17:00 さて,最後にS氏たっての希望の「清真大寺」を夕方訪れた.例のみやげ物屋街をくぐり抜けるとこんなところにという具合に門の入り口が表れる.どうみても仏寺にしか見えない構造だが,中に入ると微妙に違いが出てくる.青い色が基調の装飾とか,アラビア文字が点在したり.そうこうするうちに身を水で清めた信者達が出てきて,コーランの声が大きくなる.するとどやどやと近隣の信者が例の白い帽子やターバンのような被りものを頭につけて境内に三々五々集まってくる.顔や中国人だがふるまいはイスラム教徒そのものである.語らいながら,観光客をしり目にどんどん最奥のお堂の中に入っていく.どうも男ばかりで,後からきたチャドルを巻いた女の人は子供を抱いたまま,お堂の外で待っていたようだ.お堂の奥には何やら光のドームのような飾り.男達はその方向に礼拝を繰り返す.その様子を外にいるアメリカ人と思われるグループが興味深そうに見つめている.しばらくすると礼拝はあっけなく終わり,また人々は何事もなかったように帰っていった.日に5回の礼拝のために彼らは生きているとS氏は語った.

  
「清真大寺」へ向かう路ぞいの賑わい.土産物屋が並ぶ.「清真大寺」の入り口.ちょっとわかりにくいところにある.

  
「清真大寺」の境内に夕刻5時10分信徒が集まってくる. 本堂の奥に壁に書いた光のドームが垣間見れる.

  
遅れてきた子供を抱いた女性はお堂の中には入らない. 清真大寺から帰る路沿いの食品屋街.そこかしこから湯気が上がる.

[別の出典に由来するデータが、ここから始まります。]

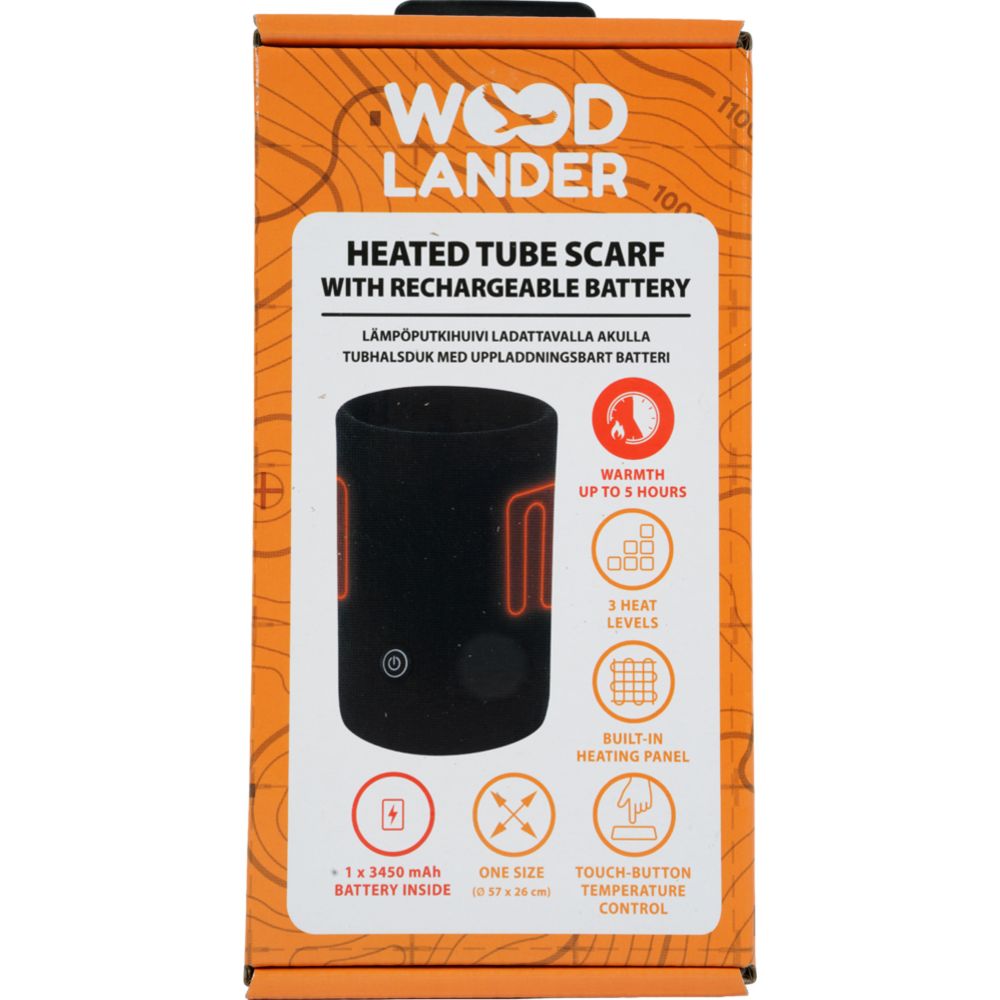 Woodlander akutoitel soojendusega kaelussall USB-C must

見学はこれが最後.みやげ物屋街を帰る.道すがらGさんが食べ物の説明をしてくれる.果物,ヒマワリの種(1袋5元をS氏が買う)や牛肉の胃袋を紅く染めたシシカバブなど.野菜を入れた蒸しパンなどもおいしいとか.車に戻り,鐘楼の側まで行く.ここで車を降り,夕食を食べる「徳発長」に入る.22種類の餃子が有名な店.まず,ギョウザ作りを見学.個室で1時間程で水ギョウザ作りを教えてくれるそうである.さて肝心のギョウザの方はいろいろ出てきて見ていて楽しい.しかし焼きギョウザはたった2個しかでなかった.あと醤油と酢を合わせて,それにラー油をいれてたれを作るが,この醤油が日本のものとは風味が異なる.日本からギョウザのたれだけを持参するのも一つの手だとあとで日本のCITSの上村さんが教えてくれた.お腹が一杯になったので水ギョウザは少し食べ残した.しかし,最後の小さなギョウザの入ったスープはおいしかった.小さなギョウザの入った数で運を占うとか.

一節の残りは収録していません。